Pop it back in the oven, and allow your blue cheese to get all melty. Your squash and apple will heat up. Your house will smell like a fancy fall party. It’s good.
Spend a brief moment ogling your work. Good.
Cut it up. Consume. Watch your blue cheese skeptic of a husband eat three slices. High five yourself silently.
Shamelessly eat the leftovers for breakfast. I did, and it was glorious! Enjoy!
- 1 cup coconut flour
- 1/2 tsp baking powder
- 1/2 tsp salt
- 1/2 tsp granulated garlic
- 1 cup full fat coconut milk
- 3 eggs
- 1 delicata squash, de-seeded and cut into circles
- 1 apple, cored and cute into circles
- 1 onion, sliced
- 2-3 cups spinach
- 1/4 cup blue cheese crumbles (don't like blue cheese? Replace it with goat cheese or any other cheese of your choosing!)
- Olive oil
- Preheat your oven to 400 degrees.
- Wash your delicata squash and your apple. Slice the delicata squash into little circles.

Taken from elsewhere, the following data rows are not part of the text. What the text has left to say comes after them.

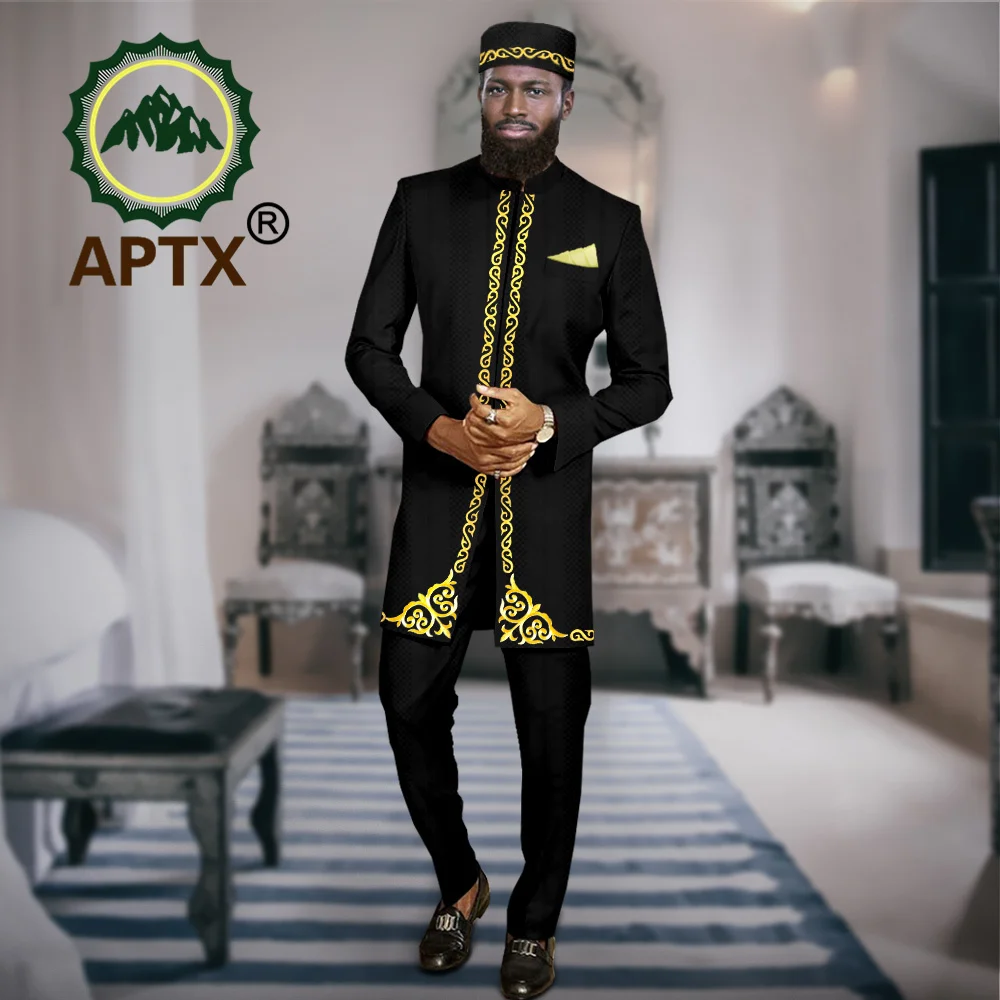 APTX African Men Suits Slim Fit Outfits Dashiki Clothing Jacket Pants Hat 3 PCS Set Wedding Party Bazin Riche Attire A2316066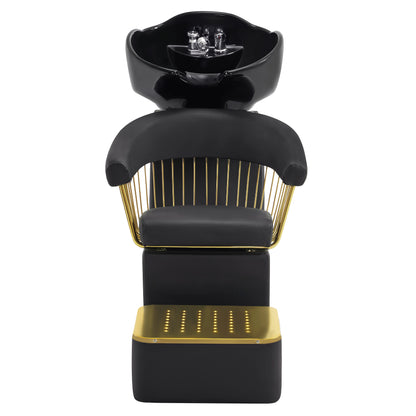 BarberPub Salon Chair 8677 & Backwash Shampoo Chair 8670 Set – Hydraulic Salon Chair with Ceramic Shampoo Bowl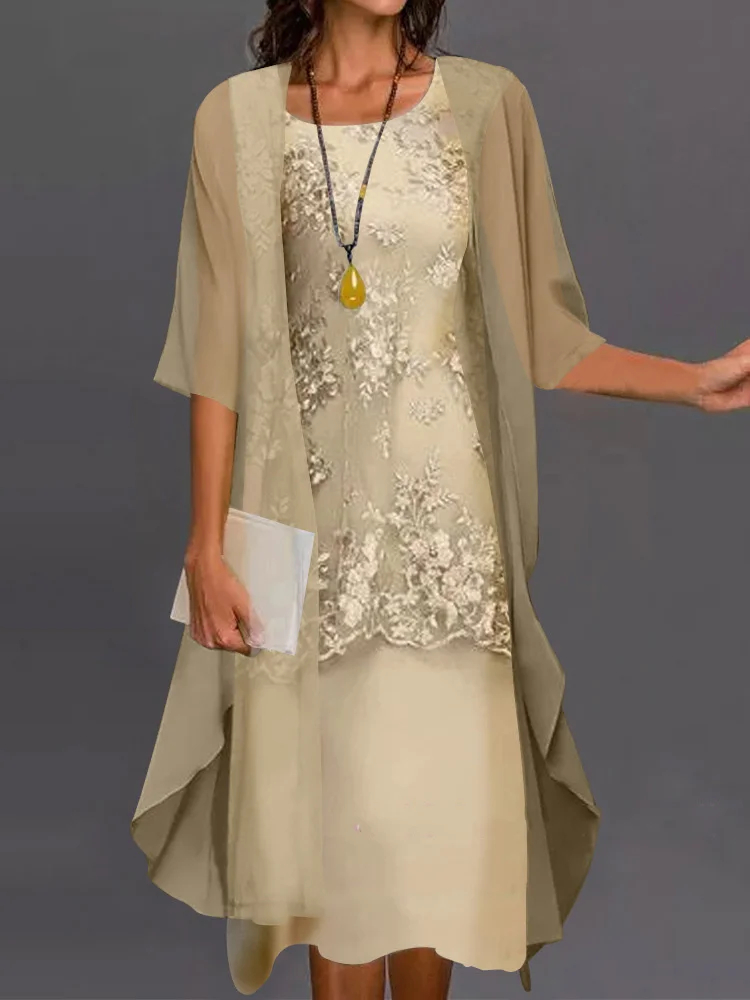 Elegant Lace Dress Two-Piece Set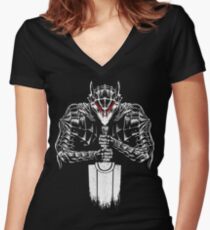 Black Swordsman Women's Fitted V-Neck T-Shirt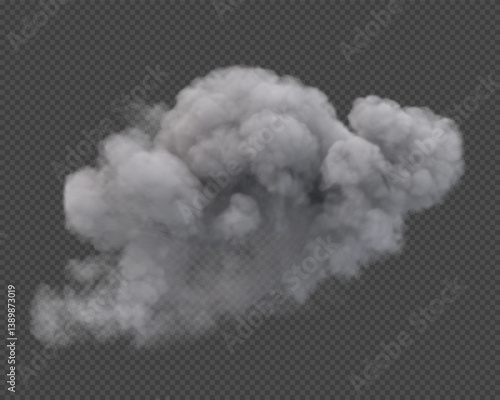 Realistic smoke cloud. Isolated on transparent background
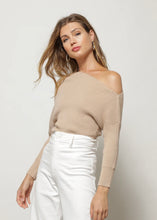 Load image into Gallery viewer, off shoulder asymmetrical rib sweater
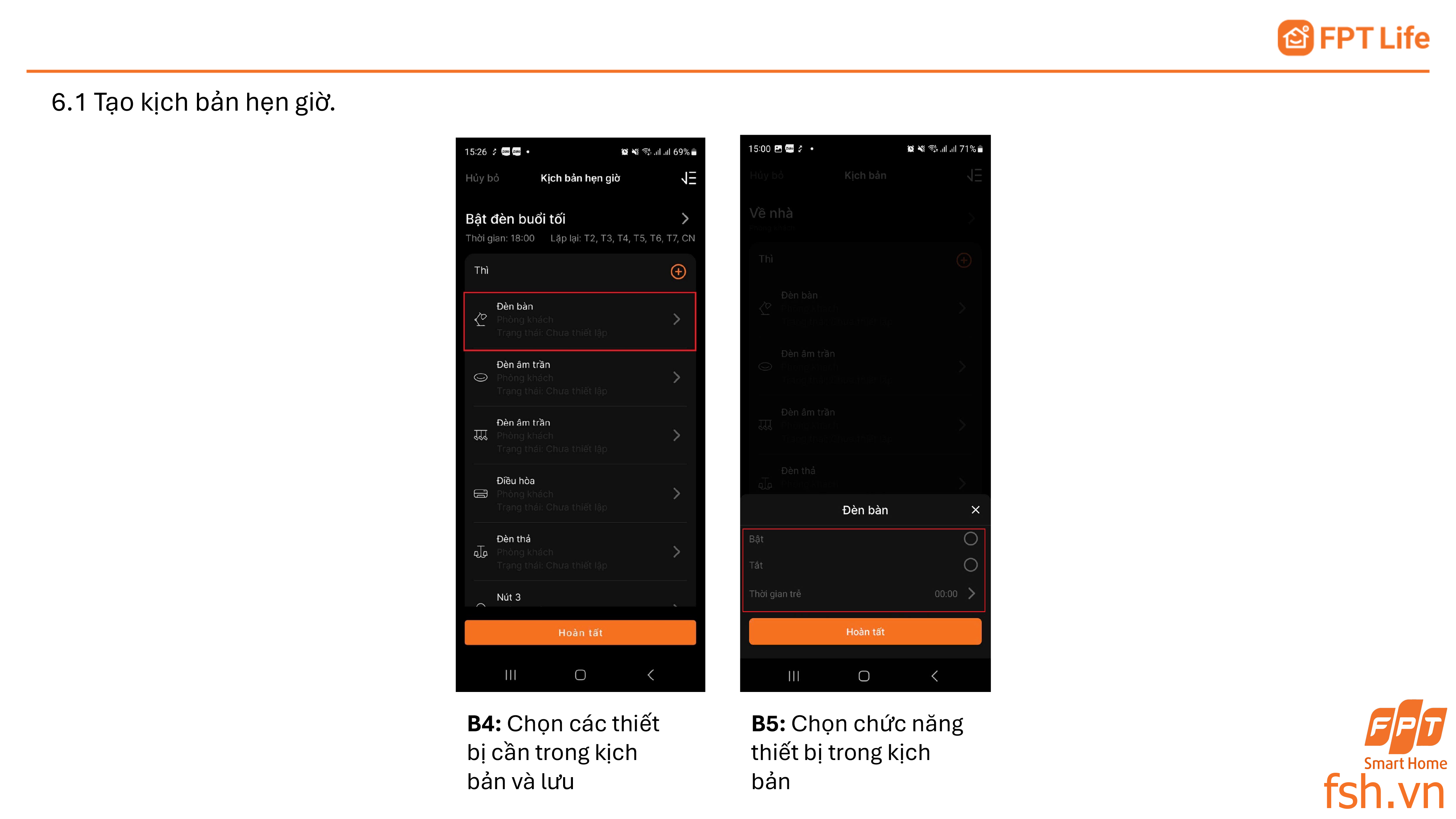 Tạo kịch bản hẹn giờ trên App FPT Life Pro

Once you have sliced it up, using your fingers remove the seeds from the inside of your circles.
- Core your apple and slice it into thin circles, much like your delicata squash.
- Toss your delicata squash and apples with a tbs or so of olive oil. Lay flat on a baking sheet and bake for 20 minutes or until they are cooked through. You should be able to penetrate the squash easily with a fork, and the apple should have softened a bit.
- Once they are done, set them aside and start on your crust. Turn your oven temp down to 375 degrees.Line a baking sheet with parchment paper and lightly grease with olive oil. Set aside.
- In a large mixing bowl add your dry ingredients for your crust. This is going to be your coconut flour, baking powder, salt and granulated garlic. Whisk together until well combined.
- In a smaller mixing bowl, whisk together your eggs and your coconut milk until they are thoroughly combined.
- Add your wet ingredients into your dry ingredients and whisk until everything is well combined and there are no longer lumps. It should be the consistency of a thick pancake batter. If it seems too thin, you can add coconut flour one tbs at a time until you reach the desired consistency. Be careful though, coconut flour is SUPER absorbent.
- Pour your batter out onto your parchment lined baking sheet. Using a baking spatula, spread your batter out evenly into a flatbread like shape. Don't spread it too thin as it could make it crumbly.
- Bake for 20 minutes. It is done when the batter is set and the top is a light golden-brown color.
- While your crust bakes, you can caramelize your onions. Heat some olive oil up in a skillet over medium heat. Add in your sliced onions and allow them to caramelize and become a rich brown color. Stir frequently. This will take several minutes. Once your onions caramelize, add in your spinach and cook it down until it wilts. Set aside.
- Remove your finished crust from the oven and layer it will your ingredients starting with your caramelized onion and spinach mixture. Layer your blue cheese on top of this and then top with your apples and delicata squash. Bake at 375 for 5-7 minutes. Your blue cheese will get melty and your squash will start to sweat.
- Remove from oven, slice and serve! Enjoy!